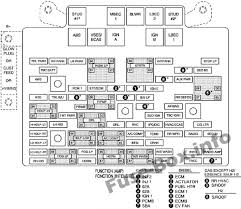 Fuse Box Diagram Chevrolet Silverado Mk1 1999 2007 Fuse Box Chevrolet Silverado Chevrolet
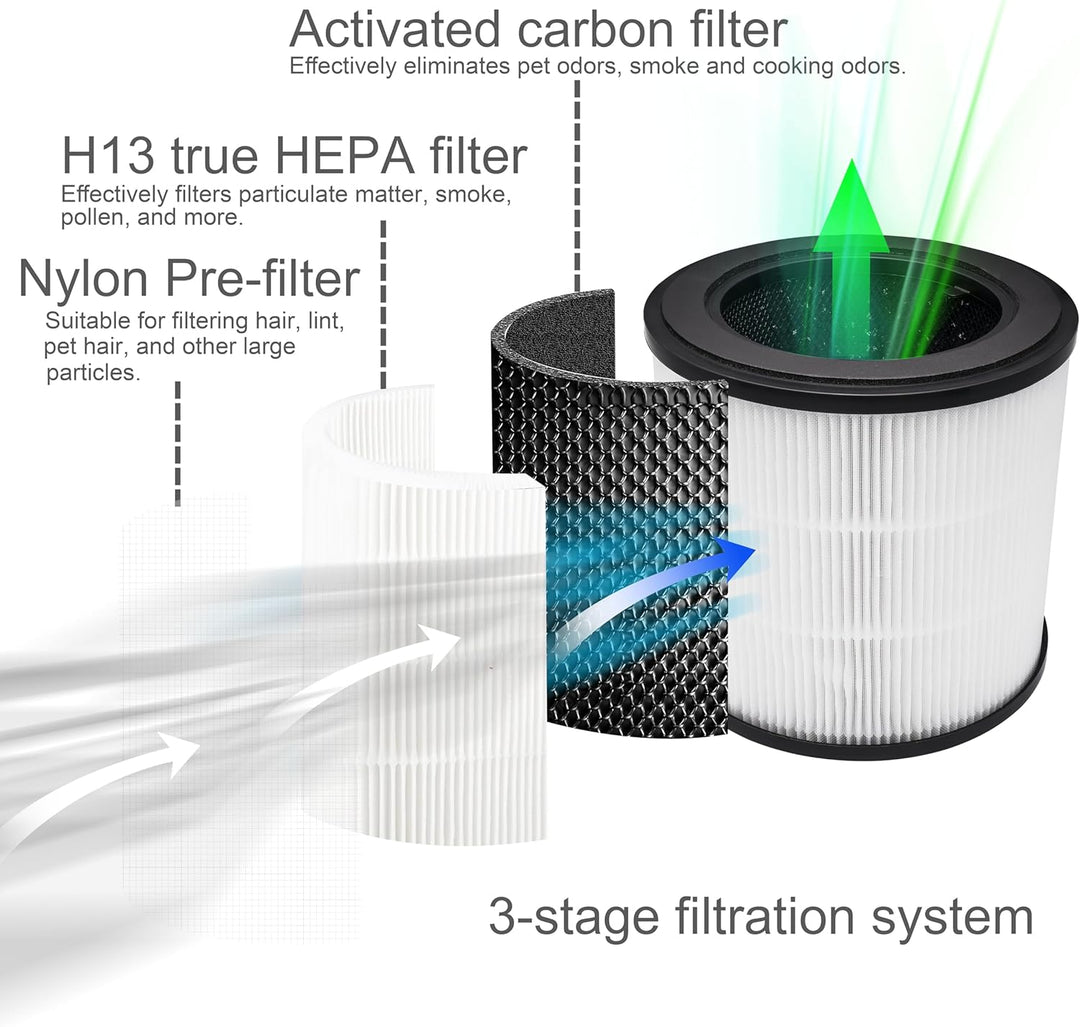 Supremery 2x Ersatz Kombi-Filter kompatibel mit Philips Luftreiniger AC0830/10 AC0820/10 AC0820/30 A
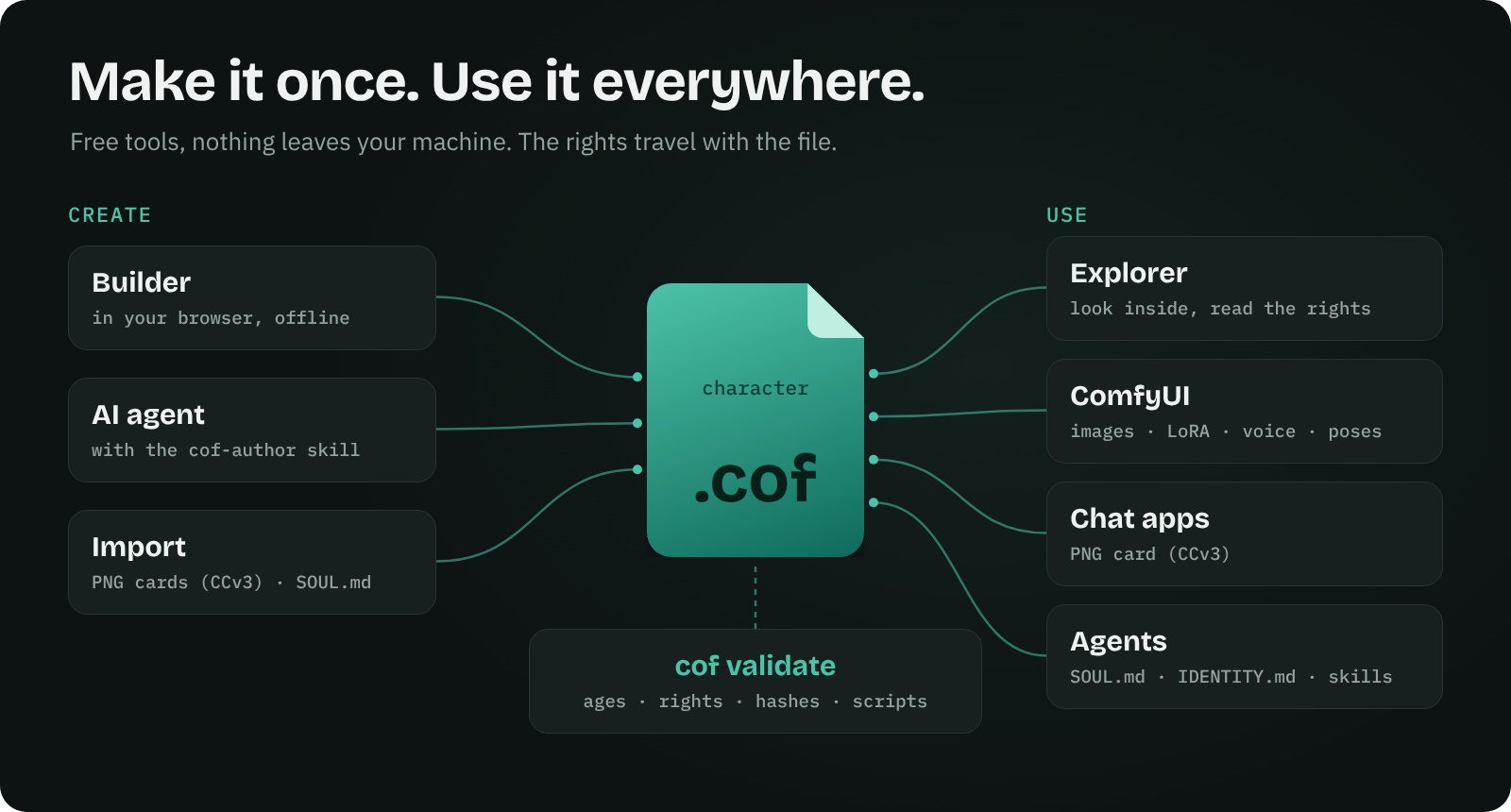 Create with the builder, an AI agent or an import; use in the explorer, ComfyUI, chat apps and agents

▶ [Try it]:
Line for line, restate the data above and omit every picture.

▶ [Reply to the task]:
 Fuse Box Diagram Chevrolet Silverado Mk1 1999 2007 Fuse Box Chevrolet Silverado Chevrolet
 Supremery 2x Ersatz Kombi-Filter kompatibel mit Philips Luftreiniger AC0830/10 AC0820/10 AC0820/30 A
 Create with the builder, an AI agent or an import; use in the explorer, ComfyUI, chat apps and agents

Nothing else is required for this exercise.